◆ MATERIAL FOR THIS EXERCISE ◆
▬▬▬▬▬▬
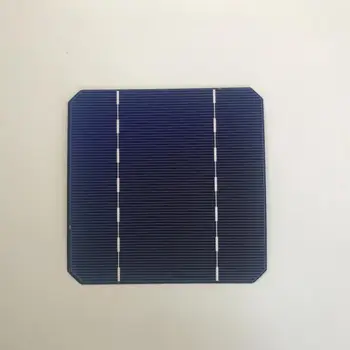 ALLMEJORES 50pcs células solares monocristalinas 3.14 W 0,5 V BRICOLAJE 24V panel solar dar suficiente tabulación & cable de Bus 1pcs flujo de la pluma libre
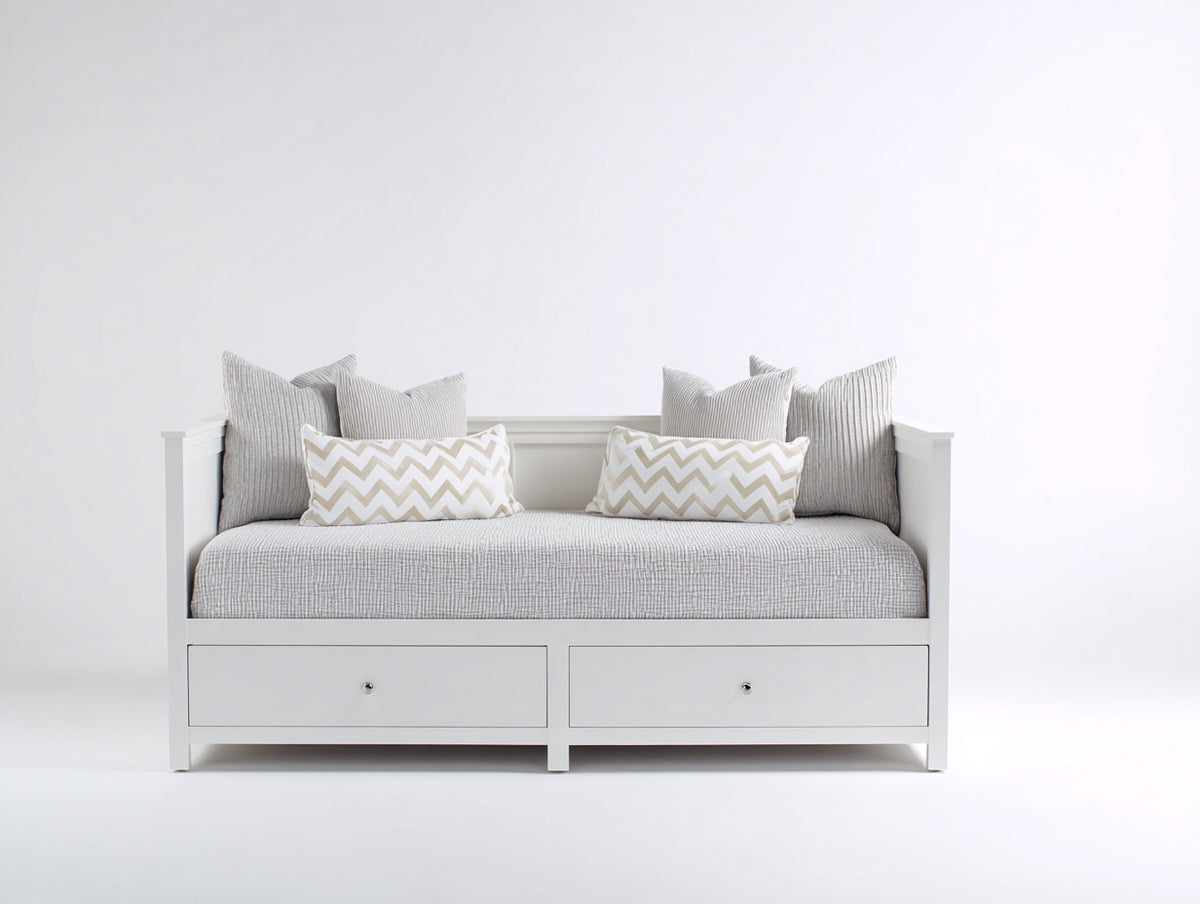 Schlafsofa Schlafcouch Holz 200x90x85 cm Weiß - modernes Design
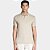 Camisa Polo Aramis Classic Friso Ou25 Bege Masculino - Imagem 1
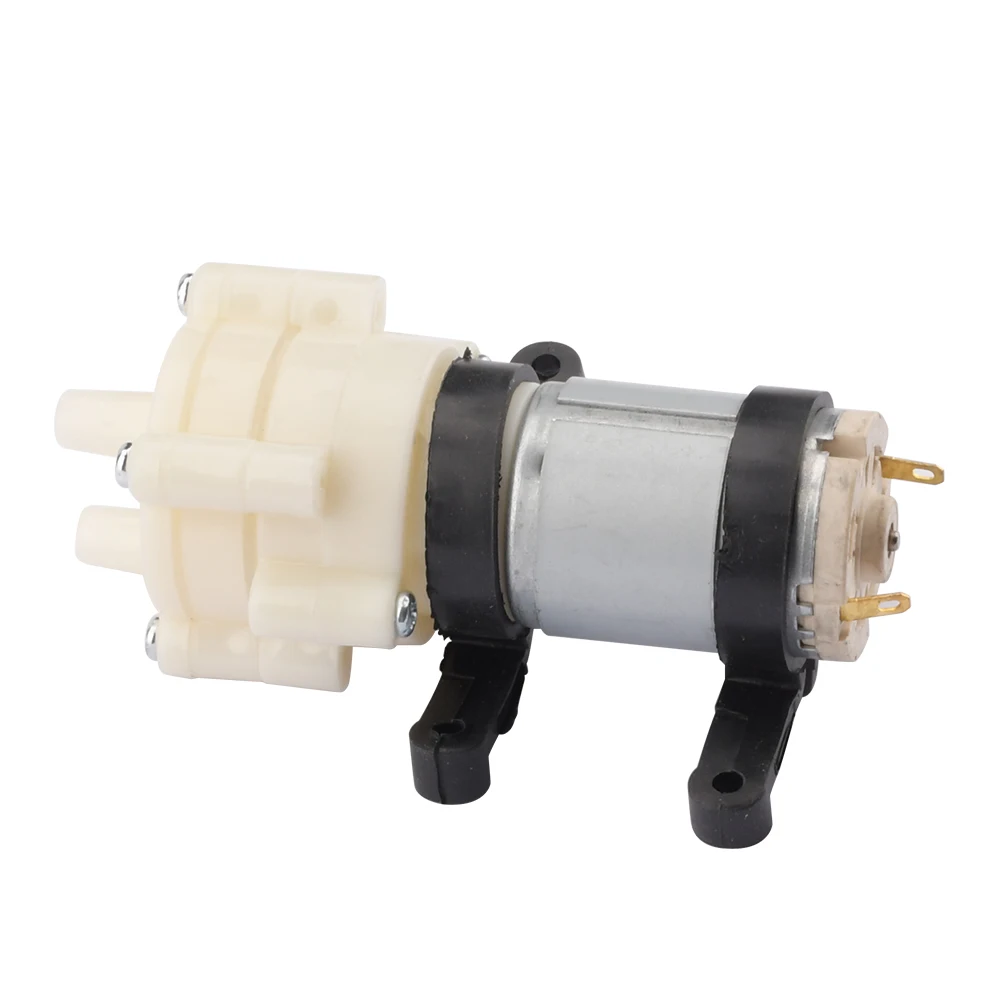 1/2/3/5PCS Micro Water Pump R385 Aquarium Fish Tank Round Water Air Diaphragm Pump DC 6-12V Aquarium Small Air Pumps Accessories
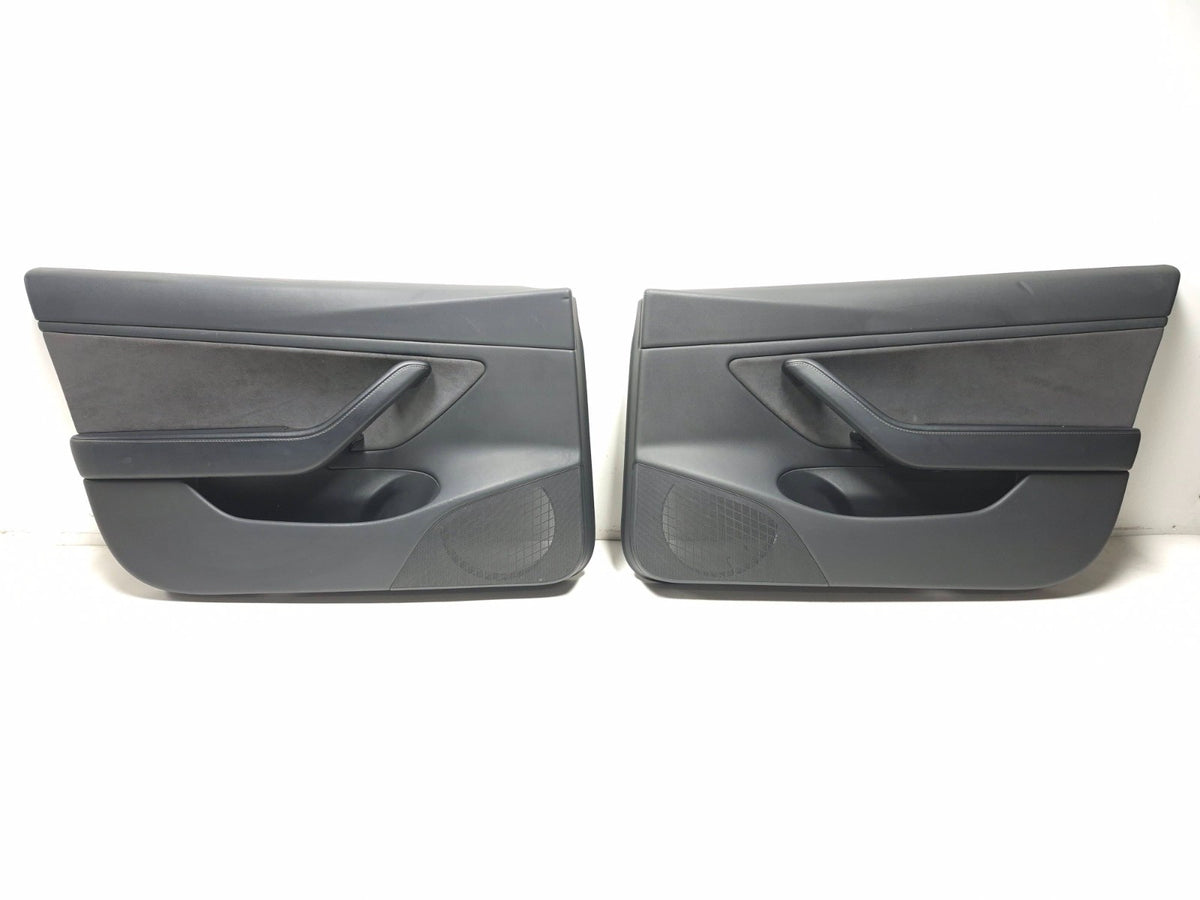 2018 Tesla Model 3 Front Door Trim Panel Left & Right 1090411-01-i OEM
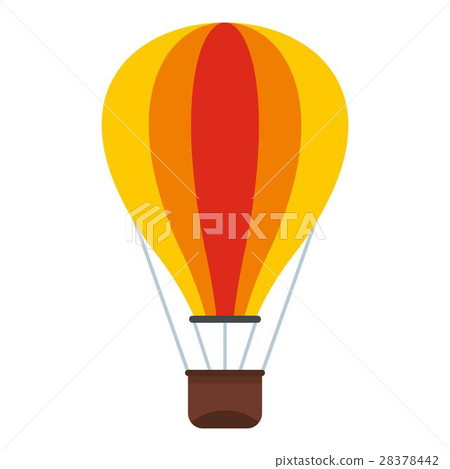 Baloon icon, flat style 28378442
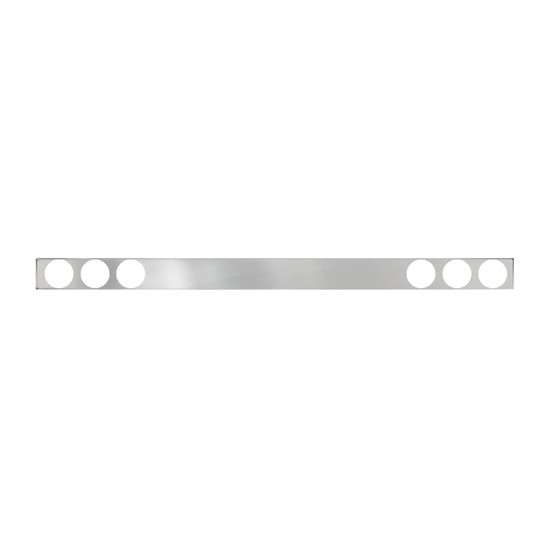 94 Inch Stainless Steel Rear Light Bar With Six 4 Inch Round Light Holes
▬▬▬▬▬▬
◆ EXERCISE DIRECTIONS ◆
When copying the entries above, keep each word as it is and exclude any image.

◆ YOUR SOLUTION ◆
 ALLMEJORES 50pcs células solares monocristalinas 3.14 W 0,5 V BRICOLAJE 24V panel solar dar suficiente tabulación & cable de Bus 1pcs flujo de la pluma libre
 Schlafsofa Schlafcouch Holz 200x90x85 cm Weiß - modernes Design
 Camisa Polo Aramis Classic Friso Ou25 Bege Masculino - Imagem 1
 1/2/3/5PCS Micro Water Pump R385 Aquarium Fish Tank Round Water Air Diaphragm Pump DC 6-12V Aquarium Small Air Pumps Accessories
 2018 Tesla Model 3 Front Door Trim Panel Left & Right 1090411-01-i OEM
 Baloon icon, flat style 28378442
 94 Inch Stainless Steel Rear Light Bar With Six 4 Inch Round Light Holes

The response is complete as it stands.